- [Requirement]: Please copy, exactly as written, the span from the first line below to the line that contains "Our discussion is", including both, and skip the pictures.

- [Dataset entries]:
.....

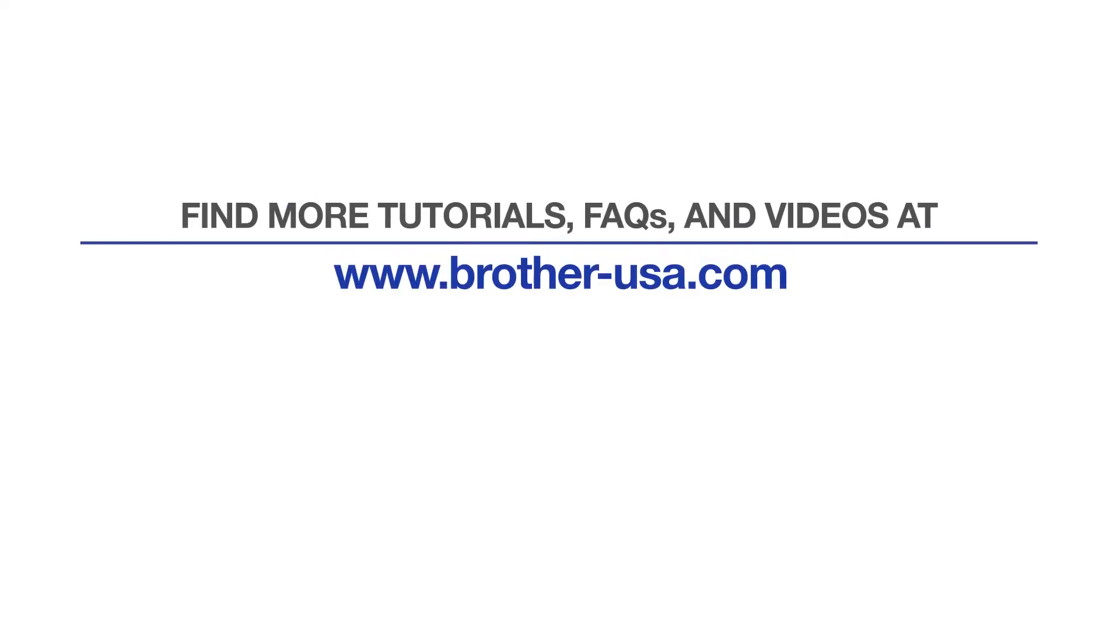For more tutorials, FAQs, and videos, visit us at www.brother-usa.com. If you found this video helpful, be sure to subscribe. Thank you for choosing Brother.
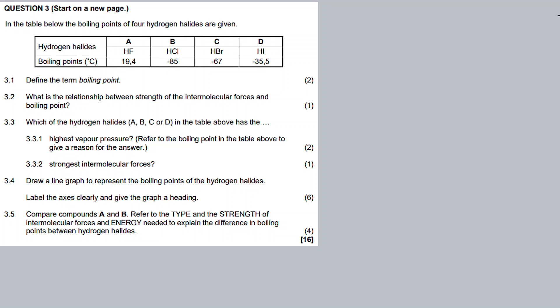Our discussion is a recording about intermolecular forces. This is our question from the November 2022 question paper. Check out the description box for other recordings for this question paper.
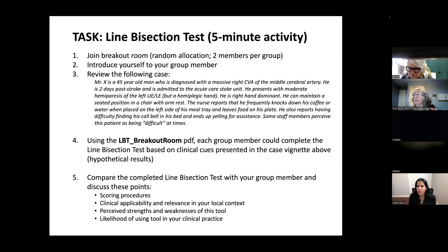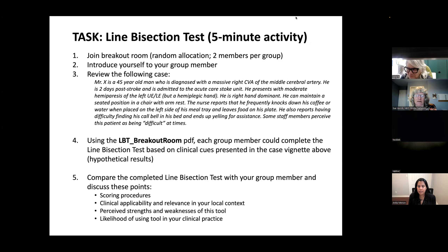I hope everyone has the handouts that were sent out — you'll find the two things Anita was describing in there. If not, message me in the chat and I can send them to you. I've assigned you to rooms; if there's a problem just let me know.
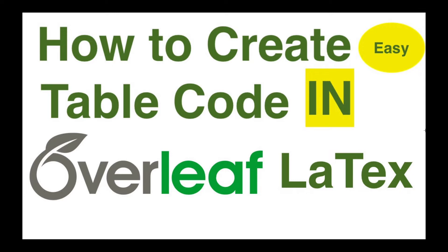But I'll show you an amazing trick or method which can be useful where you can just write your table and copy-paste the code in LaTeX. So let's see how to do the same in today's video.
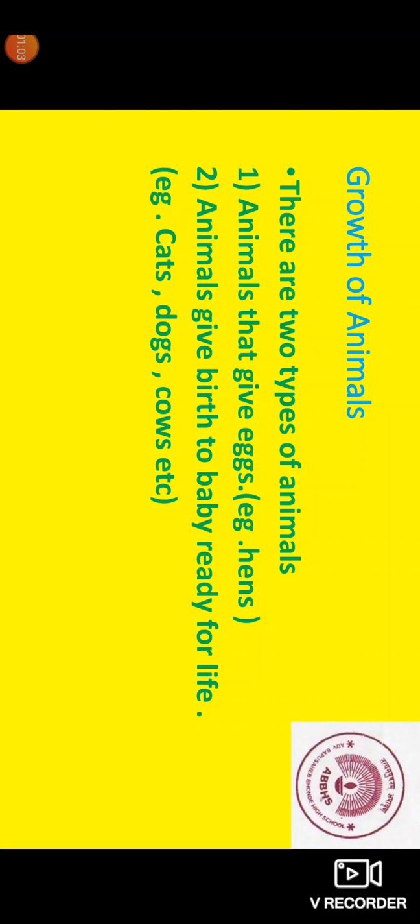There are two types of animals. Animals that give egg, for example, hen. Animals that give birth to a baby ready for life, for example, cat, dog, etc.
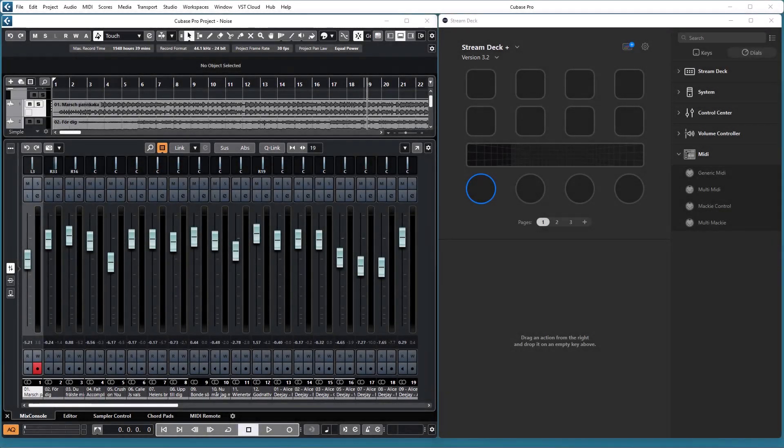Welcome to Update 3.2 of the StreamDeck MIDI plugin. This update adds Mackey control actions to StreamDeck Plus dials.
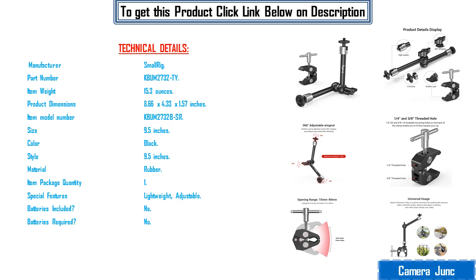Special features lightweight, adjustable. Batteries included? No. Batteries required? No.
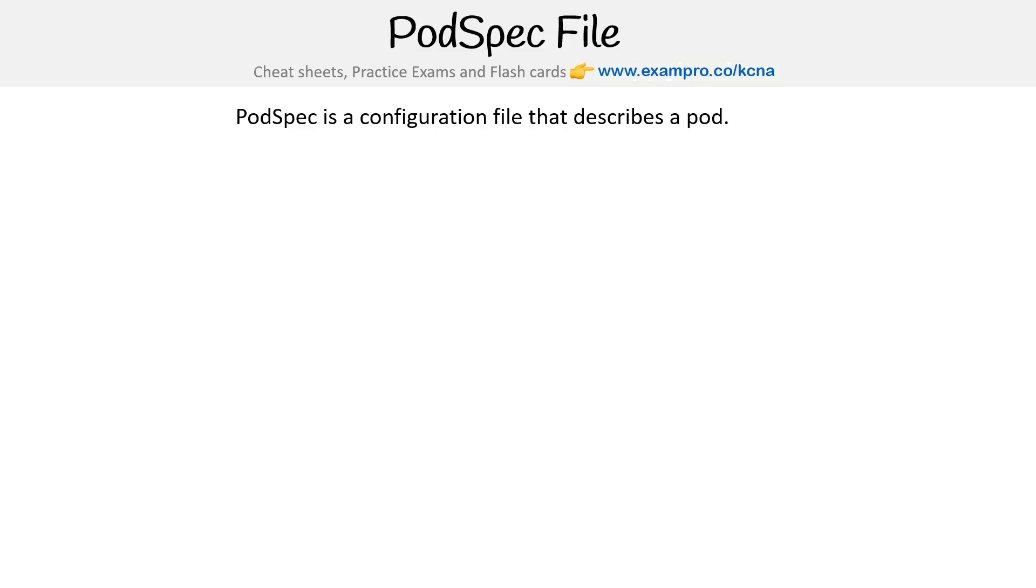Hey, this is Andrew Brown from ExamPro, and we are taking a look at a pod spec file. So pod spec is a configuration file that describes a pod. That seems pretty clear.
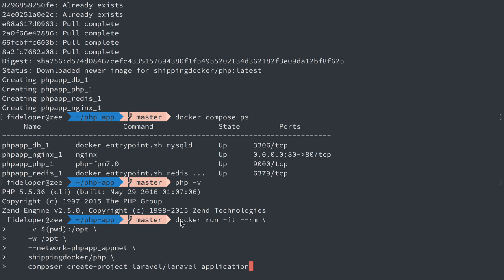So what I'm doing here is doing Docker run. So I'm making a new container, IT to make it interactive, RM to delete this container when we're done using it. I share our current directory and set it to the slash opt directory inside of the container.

.....

- [Result of the task]:
For more tutorials, FAQs, and videos, visit us at www.brother-usa.com. If you found this video helpful, be sure to subscribe. Thank you for choosing Brother.
Our discussion is a recording about intermolecular forces. This is our question from the November 2022 question paper. Check out the description box for other recordings for this question paper.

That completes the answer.